LTA Mobility Sensing Project for Land Transport Master Plan (LTMP) 2040

Table of Contents 📑

• Project Objective
• Project Outline
  • Part 1 (Data Retrieval)
  • Part 2 (Data Loading, Merging, Cleaning, Selection)
  • Part 3 (Statistical Feature-Based Approach Data Modeling)
• Code and Resources Used

Project Objective

Location information about commuter activities is vital for planning for travel disruptions and infrastructural development. The Mobility Sensing Project aims to find innovative and novel ways to identify travel patterns from GPS data and other multi-sensory data collected in smartphones. This will be transformative to provide personalised travel information.

Project Outline

Part 1

• Retrieve data from AWS S3 bucket
• Download to local machine as csv file
• Assisted in data collection through mobility sensing application (trial) created by LTA's software engineer

Part 2

• Load and merge 3 files into Python
• Perform initial cleaning phase such as removing duplicates and converting epoch to date and time
• Selected raw features: Accelerometer, Gyroscope, Magnetometer
  • Barometer (Not all users have baraometer sensor in their phones)
  • GPS Location (Use too much battery power and sampled at vastly different frequency)
  • Light sensor (Not useful based on previous literature, affected when mobile in bag or pants etc.)
  • Pedometer (Only for walking, unable to differentiate once on different vechicles)

Part 3

Statistical Feature-Based Approach

Data Exploration

• Countplot

  

• Boxplots

  

• Density Plots

  

• Pair plot

  

• Aggregation Plots

  • Mean Plots

    

  • Median Plots

    

  • Time Series Plots

    

Data Denoising

• Kalman Filter

  • Kalman filtering is an algorithm that provides estimates of some unknown variables given the measurements observed over time

  • Kalman filter algorithm consists of two stages: prediction and update

    

Data Preparation/Scaling

• Standardization (Z-score Normalization)
  • Standardize the training set using the training set means and standard deviations to prevent data leakage
    • Subtract mean, divide standard deviation
    • Necessary to normalize data before performing PCA
    • General principle: any thing you learn, must be learned from the model's training data
• Apply Principal Component Analysis (PCA) on the scaled dataset
  • Instead of choosing the number of components manually, we will be using the option that allows us to set the variance of the input that is supposed to be explained by the generated components.
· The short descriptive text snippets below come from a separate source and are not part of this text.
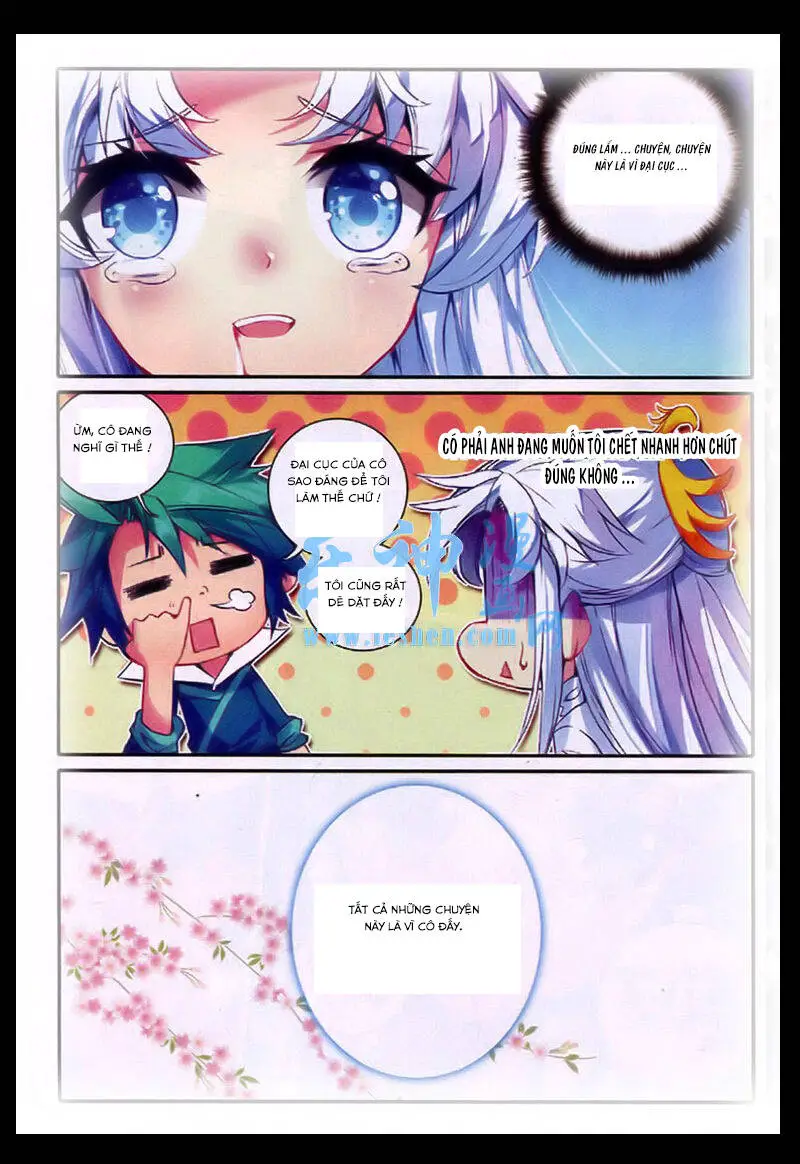 Cực Phẩm Gia Đinh Nettruyen ZZZ Chương 39 Page 15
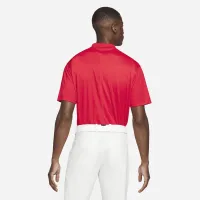 Nike Dri-FIT Victory чоловічі для гольфу Polo колір червоний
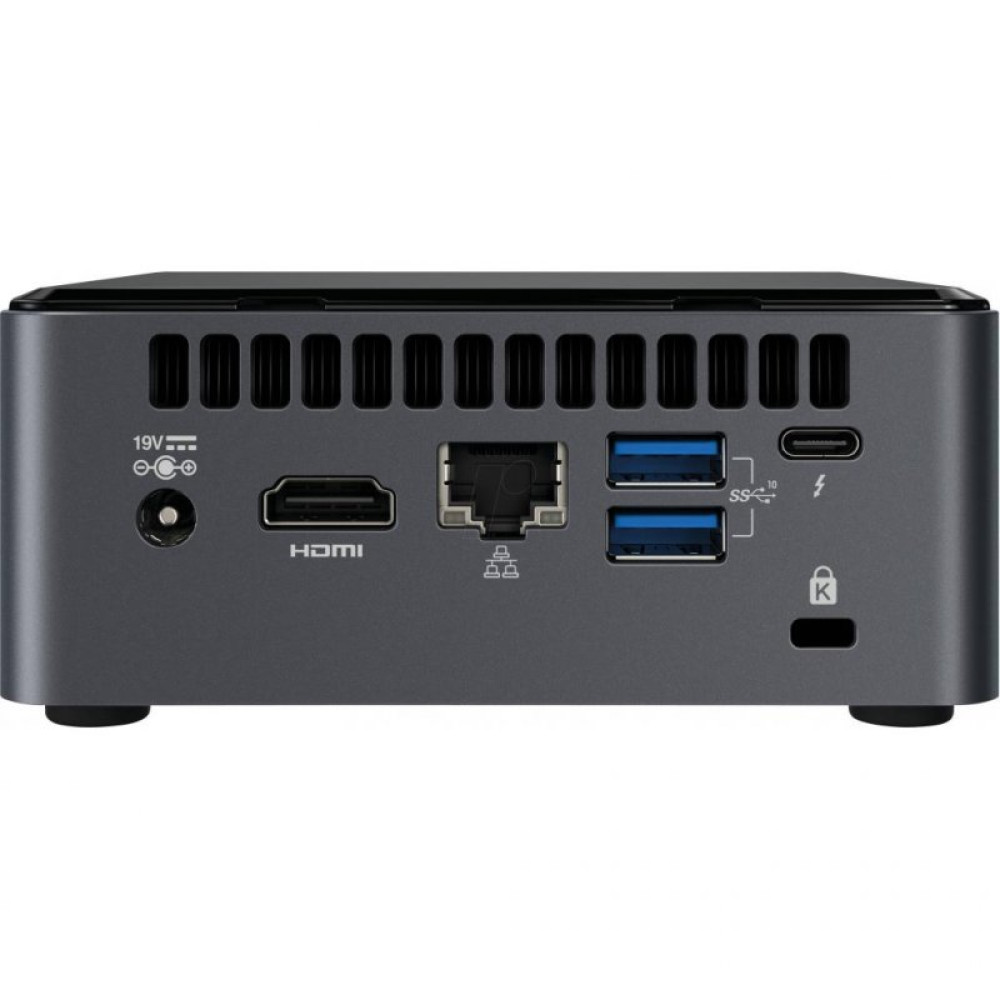 Компьютер INTEL NUC i7-10710U (BXNUC10I7FNH2)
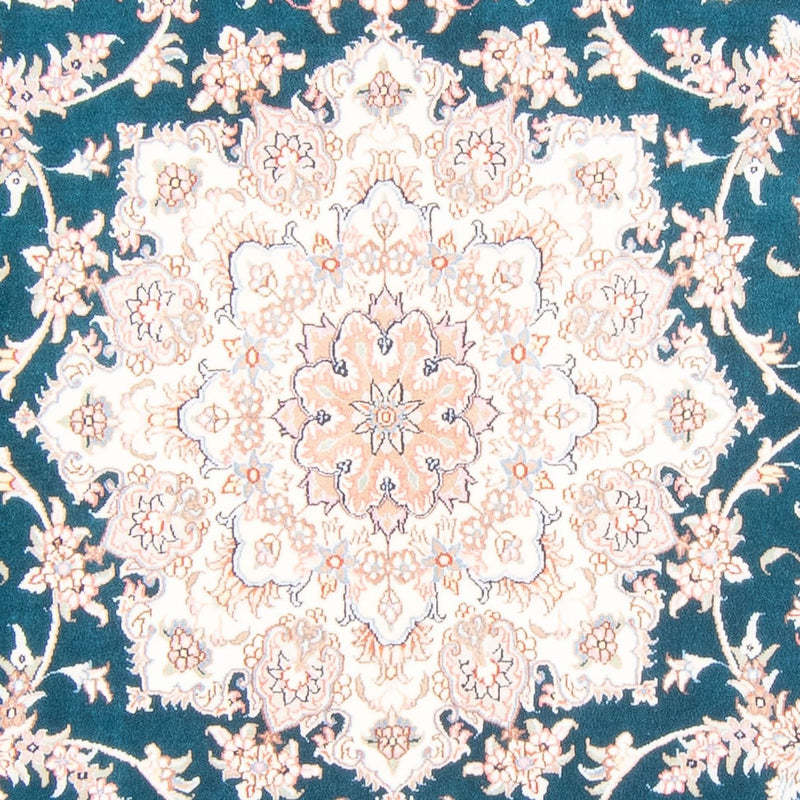 Perzisch tapijt - Tabriz - Royal - 236 x 170 cm - groen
    • Typically, we want the explained variance to be between 95–99%. We will use 95% here.

    • As usual to prevent data leakage, we fit PCA on the training data set, and then we transform the test data set using the already fitted pca.
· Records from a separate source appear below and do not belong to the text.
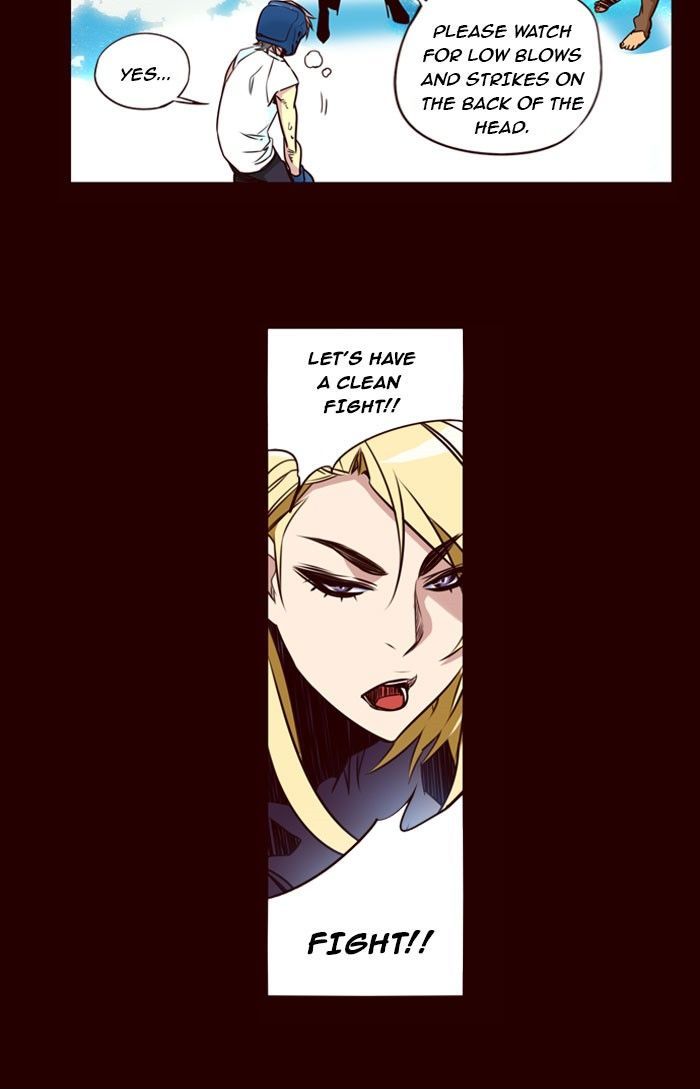 Girls of the Wild’s chapter 175 - page 21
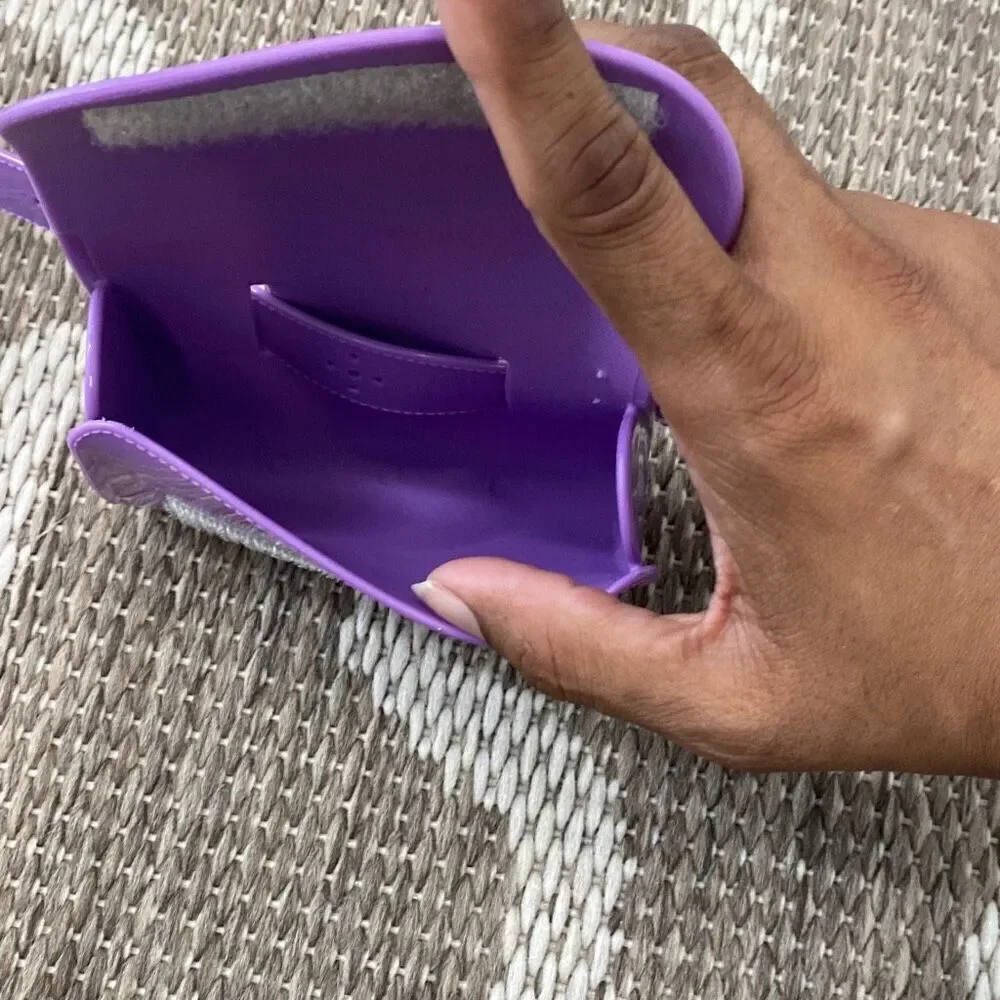 Melissa Jelly Fanny Pack Belt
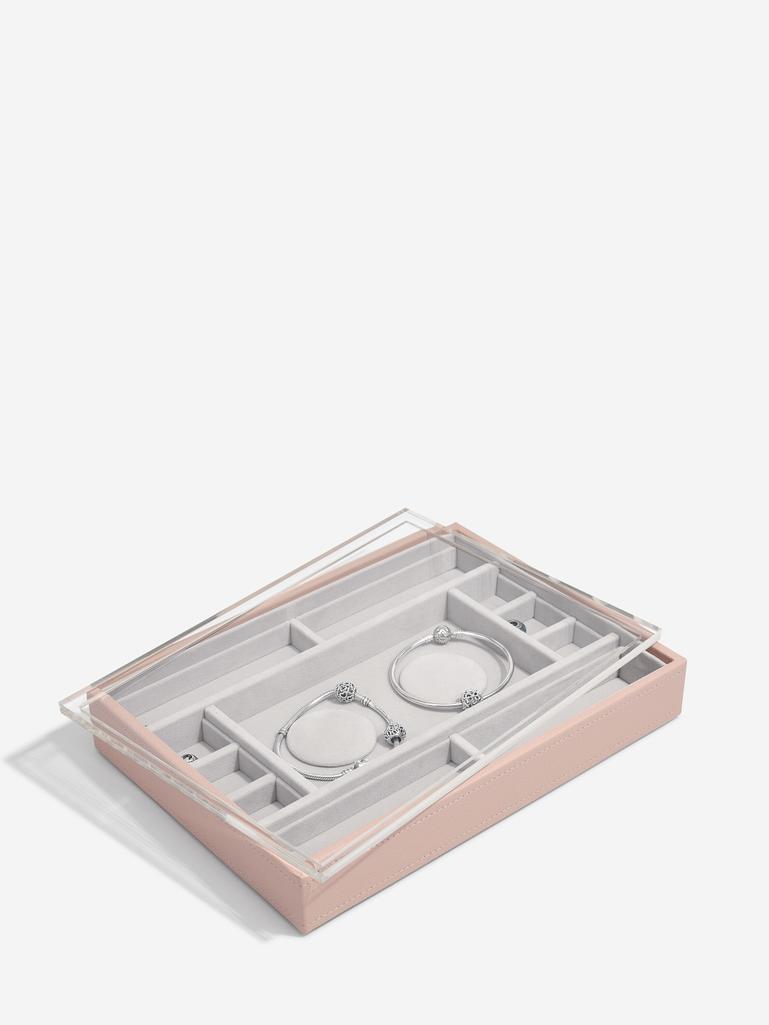 Blush Classic 2 Charm Bracelet Layer & Display Lid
    • Cumulative Summation of the Explained Variance

      

    • Most important feature of each principal component

      

    • Number of times each sensor type appeared as the most important feature of a principal component

      Sensor Type	Count
      Accelerometer	15
      Gyroscope	21
      Magnetometer	12

    • Number of times each statistical type appeared as the most important feature of a principal component

      Statistical Type	Count
      Mean	5
      Variance	8
      Skewness	11
      Kurtosis	13
      Others	11

Feature Extraction

• Main idea: Transformation of patterns into features that are considered as a compressed representation
• For each time series variable, key statistical features will be extracted to measure different properties of that variable
• Main groups of the calculated statistical measures (Non-exhaustive):
  • Measures of Central Tendency (Mean, Median)
  • Measures of Variability (Variance, Standard Deviation, IQR, Range)
  • Measures of Shape (Skewness, Kurtosis)
  • Measures of Position (Percentiles)
  • Measures of Impurity (Entropy)
    • Not ideal to be using the entropy function from sklearn as it assumes a discrete distribution of the data. Instead, we will be using a custom ready-made non-parametric k-nearest neighbour entropy estimator.
• Determine a moving window size to calculate the above features (An initial size of window 10 is chosen based on literature)
• Before extracting the features, a magnitude vector is calculated from each sensor to obtain 3 extra data sources
  • The formula for the magnitude of a vector can be generalized to arbitrary dimensions. For example, if a = (a1,a2,a3,a4) is a four-dimensional vector, the formula for its magnitude is ∥a∥ = √a21+a22+a23+a24.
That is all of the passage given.